Comparing Isosurface With and Without Scatter Classes

Jump to: navigation, search

We have recently added scatter classes to VTK-m, which allows building worklets that have a variable amount of output rather than a 1:1 relationship. This is particularly important for algorithms like isosurface that require specifying some amount of output depending on values of the input. Before these scatter classes were introduced, algorithms like isosurface had to build their own indices and then perform their own cross lookup. In addition to being inconvenient and difficult to read, it also meant that the algorithm could not take advantage of other VTK-m features available in the dispatcher/transport/fetch location.

This document compares the implementation of isosurface just before moving to scatter and just after.

The Code

The classify cell part of the isosurface algorithm has remained essentially the same, so we'll ignore that part. The implementation of the generate part of the algorithm has changed significantly in this transformation.

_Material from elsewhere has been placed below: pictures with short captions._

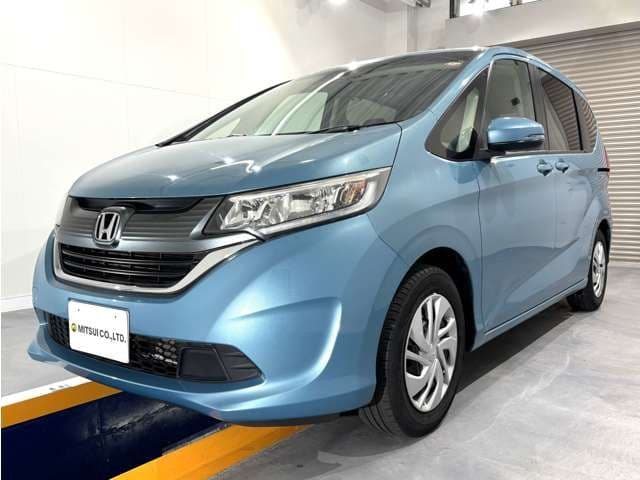 Car thumbnail 4
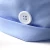 Import Latest Hot Sale Scrub Hats With Sweatbands And Buttons with button from China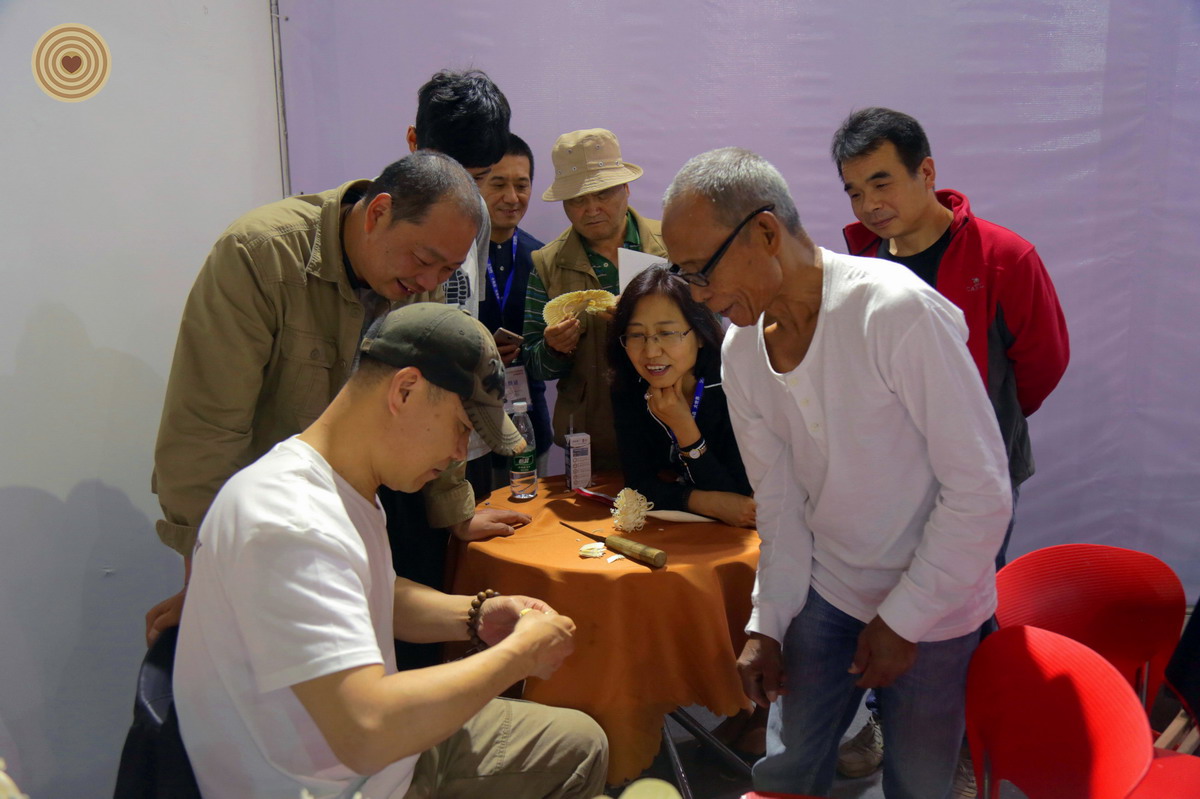 whittling, Bamboo, comb, Yiwu, Zhejiang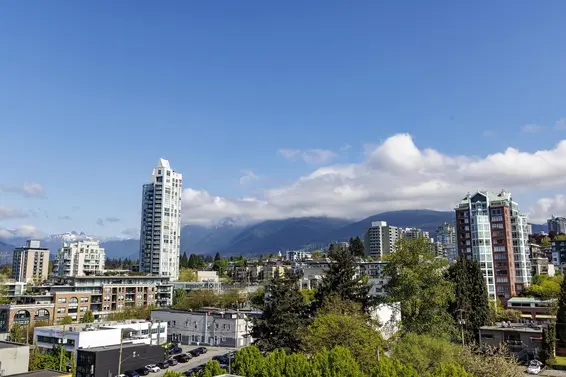 PH1 168 East Esplanade, North Vancouver For Sale - image 31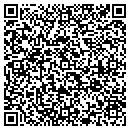 QR code with Greenwich Computing Solutions contacts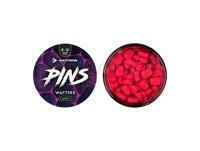 BaitNow PINS Wafters – Candy 8mm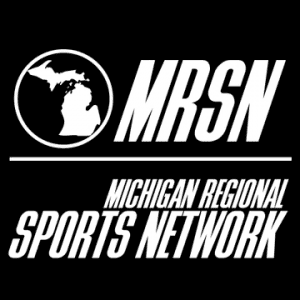 Michigan Regional Sports Network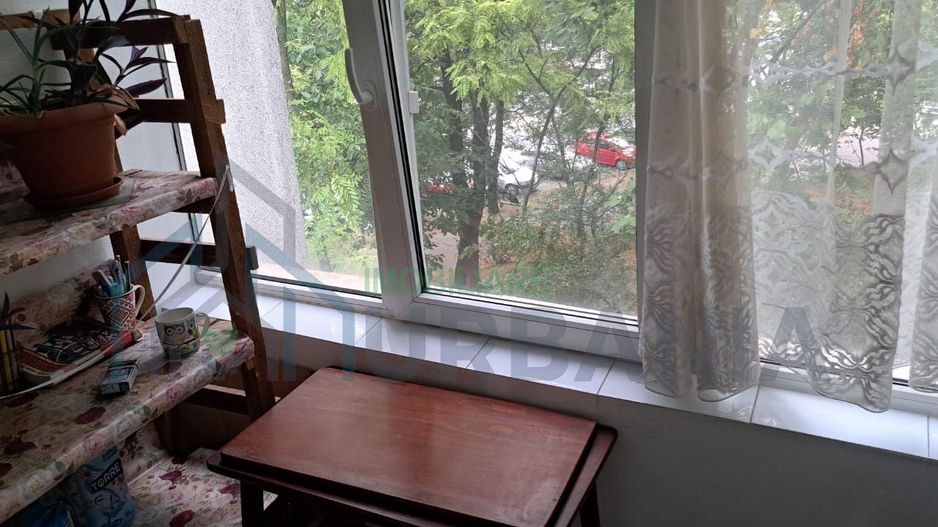 Garsonieră de închiriat în Tătărași, Iași - Poză 3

We will look at the code in parts and compare the implementations directly.

Worklet State

Because the original implementation had to build its own indices and perform its own data lookups, it had to store array portals in the state of the worklet as well as auxiliary metadata so that the data could be reconstructed in the body of the worklet. In contrast, the new implementation can leverage VTK-m's built in ability to perform these data lookups. All that needs to be specified in the state is the Scatter class being used.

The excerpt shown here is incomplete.